What you should do:
Pictures in the records below must be left out. Return exactly the lines from the line with "This is the" to the line with "What is a tongue", both included.
━━━━━ Provided information
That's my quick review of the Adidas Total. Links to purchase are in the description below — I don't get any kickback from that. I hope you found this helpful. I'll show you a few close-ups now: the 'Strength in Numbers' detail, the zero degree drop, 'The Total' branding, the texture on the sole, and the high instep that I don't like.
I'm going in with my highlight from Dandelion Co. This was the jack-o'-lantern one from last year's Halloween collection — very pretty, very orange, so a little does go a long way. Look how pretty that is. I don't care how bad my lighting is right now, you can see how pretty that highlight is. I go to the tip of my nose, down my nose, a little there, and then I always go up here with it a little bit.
━━━━━━━━━━
━━━━━ Provided information
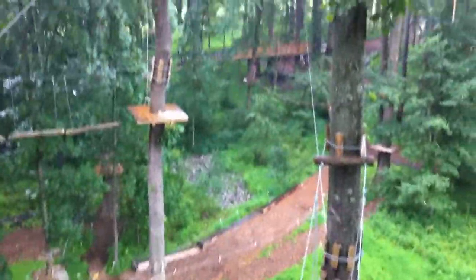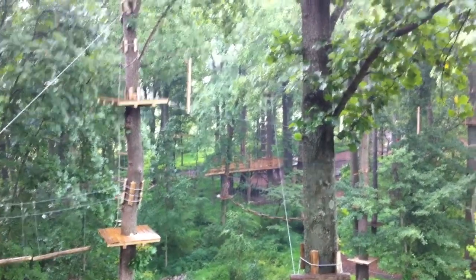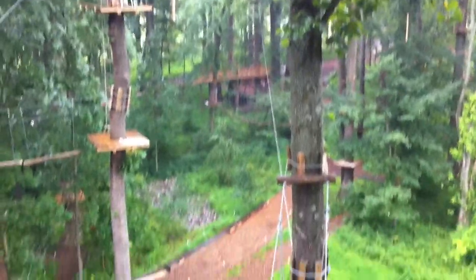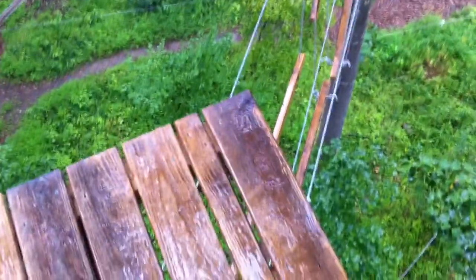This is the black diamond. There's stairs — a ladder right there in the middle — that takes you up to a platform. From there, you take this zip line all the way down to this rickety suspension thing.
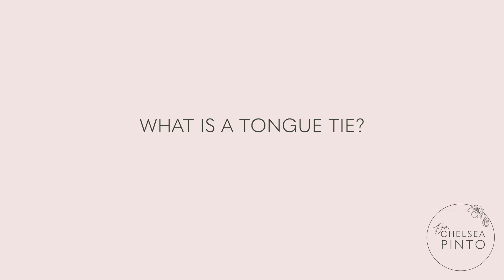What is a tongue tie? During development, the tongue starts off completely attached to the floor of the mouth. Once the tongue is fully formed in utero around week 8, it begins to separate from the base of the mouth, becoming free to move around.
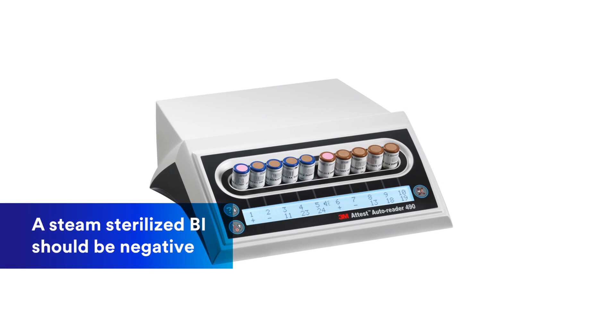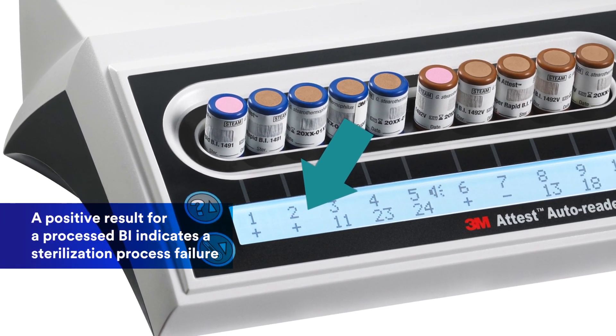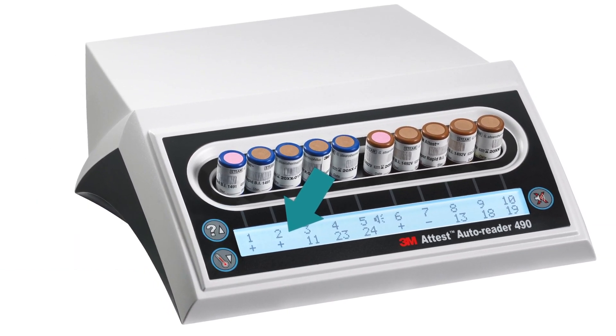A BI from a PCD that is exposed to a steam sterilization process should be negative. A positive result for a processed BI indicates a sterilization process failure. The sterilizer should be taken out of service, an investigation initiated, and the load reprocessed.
━━━━━━━━━━
Your solution:
This is the black diamond. There's stairs — a ladder right there in the middle — that takes you up to a platform. From there, you take this zip line all the way down to this rickety suspension thing.
What is a tongue tie? During development, the tongue starts off completely attached to the floor of the mouth. Once the tongue is fully formed in utero around week 8, it begins to separate from the base of the mouth, becoming free to move around.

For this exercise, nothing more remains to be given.